Node Replication (NR)
NR creates linearizable NUMA-aware concurrent data structures from black-box sequential data structures. NR replicates the sequential data structure on each NUMA node and uses an operation log to maintain consistency between the replicas. Each replica benefits from read concurrency using a readers-writer lock and from write concurrency using a technique called flat combining. In a nutshell, flat combining batches operations from multiple threads to be executed by a single thread (the combiner). This thread also appends the batched operations to the log; other replicas read the log to update their internal states with the new operations.
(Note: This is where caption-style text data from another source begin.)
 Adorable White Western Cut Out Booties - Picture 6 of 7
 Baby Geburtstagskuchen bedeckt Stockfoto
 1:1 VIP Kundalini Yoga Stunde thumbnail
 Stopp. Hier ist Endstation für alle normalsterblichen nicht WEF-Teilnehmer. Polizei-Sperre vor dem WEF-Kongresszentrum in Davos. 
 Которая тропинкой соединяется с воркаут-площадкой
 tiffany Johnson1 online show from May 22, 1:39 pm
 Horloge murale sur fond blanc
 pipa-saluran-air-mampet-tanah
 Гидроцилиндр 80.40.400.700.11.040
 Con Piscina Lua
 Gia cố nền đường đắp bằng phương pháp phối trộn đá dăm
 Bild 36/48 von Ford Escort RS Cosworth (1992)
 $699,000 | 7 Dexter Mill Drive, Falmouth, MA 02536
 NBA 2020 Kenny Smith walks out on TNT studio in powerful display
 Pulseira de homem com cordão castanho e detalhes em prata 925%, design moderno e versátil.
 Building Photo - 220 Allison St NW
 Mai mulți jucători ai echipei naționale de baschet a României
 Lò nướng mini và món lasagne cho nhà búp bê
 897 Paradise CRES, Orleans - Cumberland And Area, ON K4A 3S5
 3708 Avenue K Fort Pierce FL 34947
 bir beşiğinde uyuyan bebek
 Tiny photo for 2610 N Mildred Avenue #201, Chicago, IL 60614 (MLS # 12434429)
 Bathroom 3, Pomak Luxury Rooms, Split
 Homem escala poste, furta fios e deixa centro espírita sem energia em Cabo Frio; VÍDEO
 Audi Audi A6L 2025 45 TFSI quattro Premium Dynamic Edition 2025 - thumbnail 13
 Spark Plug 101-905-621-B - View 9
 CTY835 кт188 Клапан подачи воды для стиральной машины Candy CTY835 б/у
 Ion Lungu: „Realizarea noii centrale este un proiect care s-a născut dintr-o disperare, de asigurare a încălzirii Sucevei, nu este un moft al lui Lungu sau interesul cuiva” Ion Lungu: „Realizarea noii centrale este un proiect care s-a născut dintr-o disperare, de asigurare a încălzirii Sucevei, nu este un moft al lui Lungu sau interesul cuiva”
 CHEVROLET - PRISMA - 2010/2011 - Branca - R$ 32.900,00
Next, we explain in more detail the three main techniques that NR makes use of: operation logs, scalable reader-writer locks and flat combining.
The operation log
The log uses a circular buffer to represent the abstract state of the concurrent data structure. Each entry in the log represents a mutating operation, and the log ensures a total order. The log tail gives the index to the last operation added to the log.
A replica can lazily consume the log by maintaining a per-replica index into the log, indicating how far from the log the replica has been updated. The log is implemented as a circular buffer, so that entries can be garbage collected and reused. NR cannot garbage collect entries that have not been applied on each replica. This means at least one thread on each NUMA node must be executing operations on the data structure, otherwise the log can fill up and other replicas would not be able to make any more progress.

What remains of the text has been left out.